• TASK INSTRUCTIONS: An exact copy of the lines of the listing below between the "IBIS VILLA AT" line and the "10646 Essex Square BLVD-5" line, both included, is the whole answer; please omit the pictures.

• RECORDS:
● ● ● ● ●

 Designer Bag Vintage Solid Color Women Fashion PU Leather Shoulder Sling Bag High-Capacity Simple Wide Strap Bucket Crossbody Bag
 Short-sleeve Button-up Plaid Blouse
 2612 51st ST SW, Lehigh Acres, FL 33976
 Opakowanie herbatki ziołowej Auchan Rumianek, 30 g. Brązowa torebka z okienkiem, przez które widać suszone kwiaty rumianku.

● ● ● ● ●

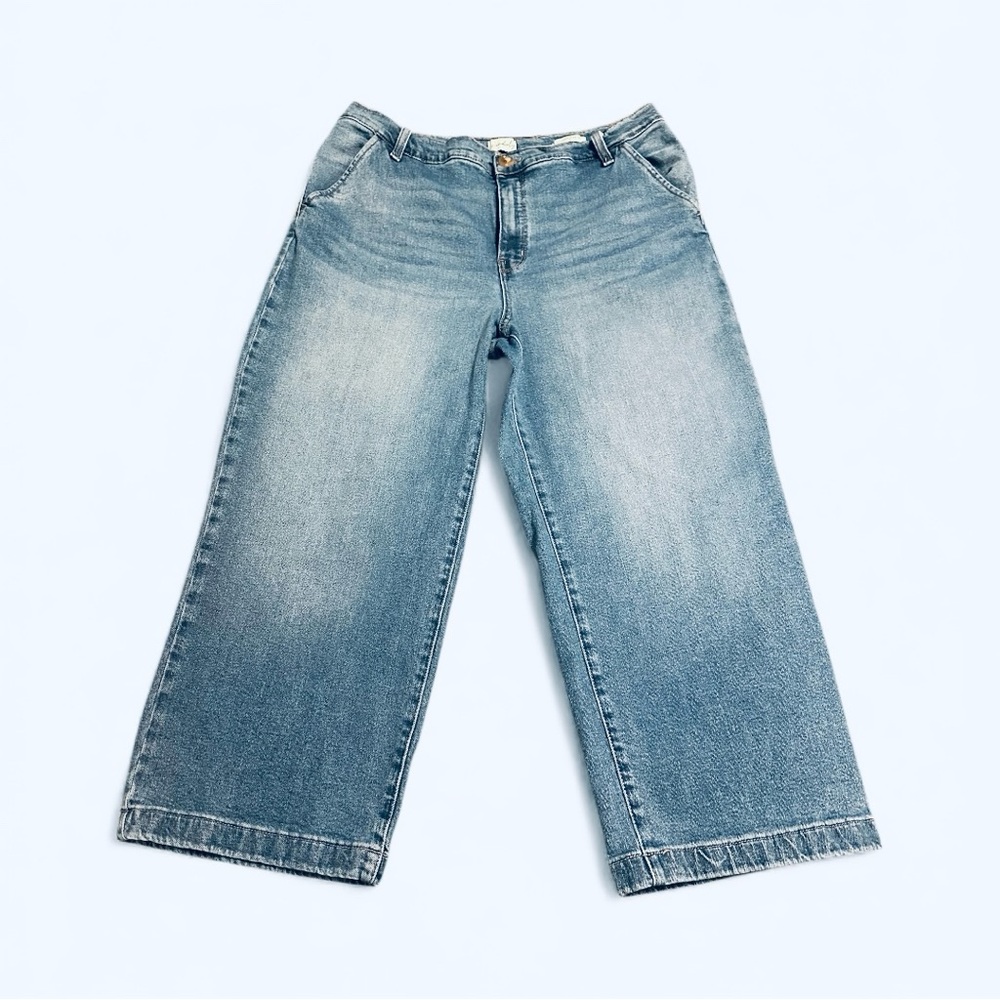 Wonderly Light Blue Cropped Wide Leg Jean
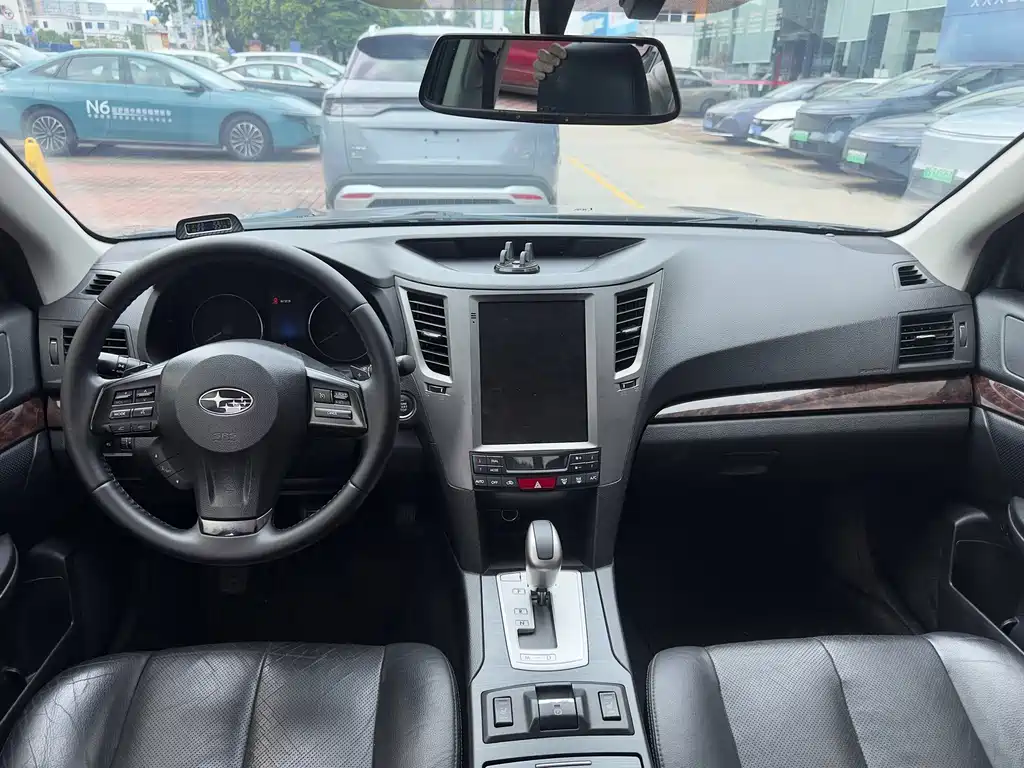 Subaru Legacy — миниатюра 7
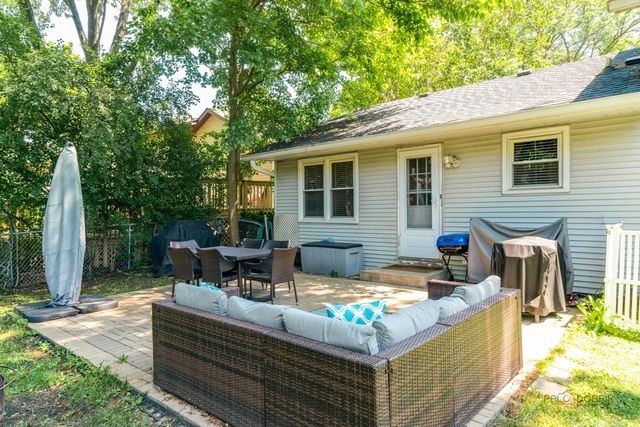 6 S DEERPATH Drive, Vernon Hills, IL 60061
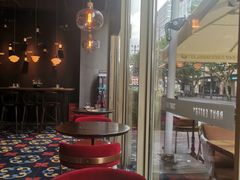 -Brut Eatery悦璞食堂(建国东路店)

● ● ● ● ●

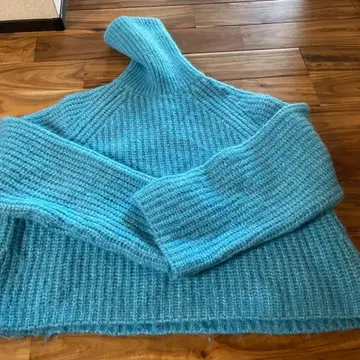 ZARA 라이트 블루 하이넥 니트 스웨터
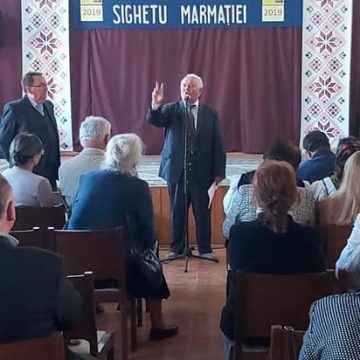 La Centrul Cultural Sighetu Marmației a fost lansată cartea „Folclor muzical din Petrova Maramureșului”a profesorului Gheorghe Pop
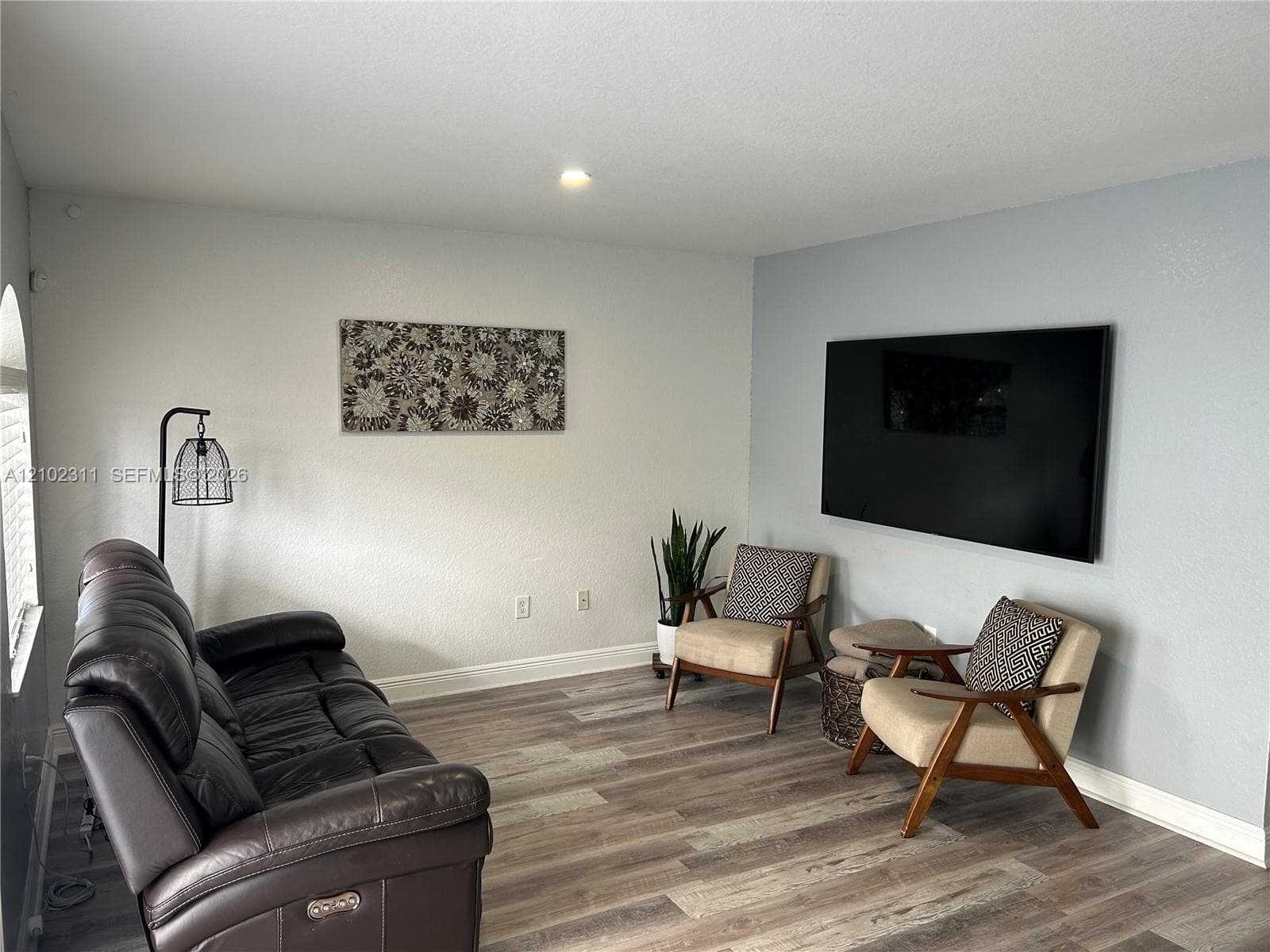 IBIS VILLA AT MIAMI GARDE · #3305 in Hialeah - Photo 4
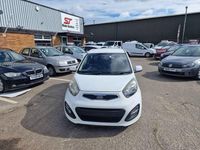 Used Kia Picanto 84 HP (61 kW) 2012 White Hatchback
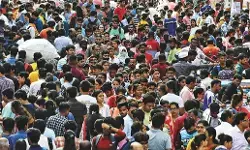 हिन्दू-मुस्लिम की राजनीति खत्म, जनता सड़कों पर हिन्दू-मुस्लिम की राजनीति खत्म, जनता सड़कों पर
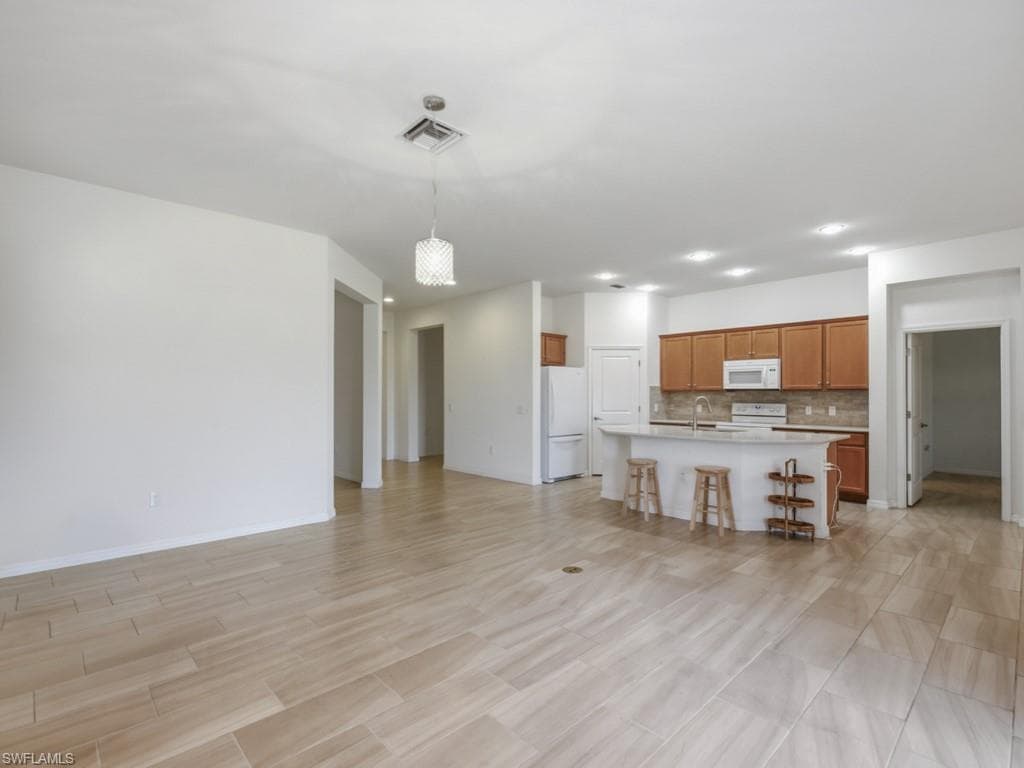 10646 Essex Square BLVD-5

● ● ● ● ●

• ANSWER SECTION:
 IBIS VILLA AT MIAMI GARDE · #3305 in Hialeah - Photo 4
 Used Kia Picanto 84 HP (61 kW) 2012 White Hatchback
 हिन्दू-मुस्लिम की राजनीति खत्म, जनता सड़कों पर हिन्दू-मुस्लिम की राजनीति खत्म, जनता सड़कों पर
 10646 Essex Square BLVD-5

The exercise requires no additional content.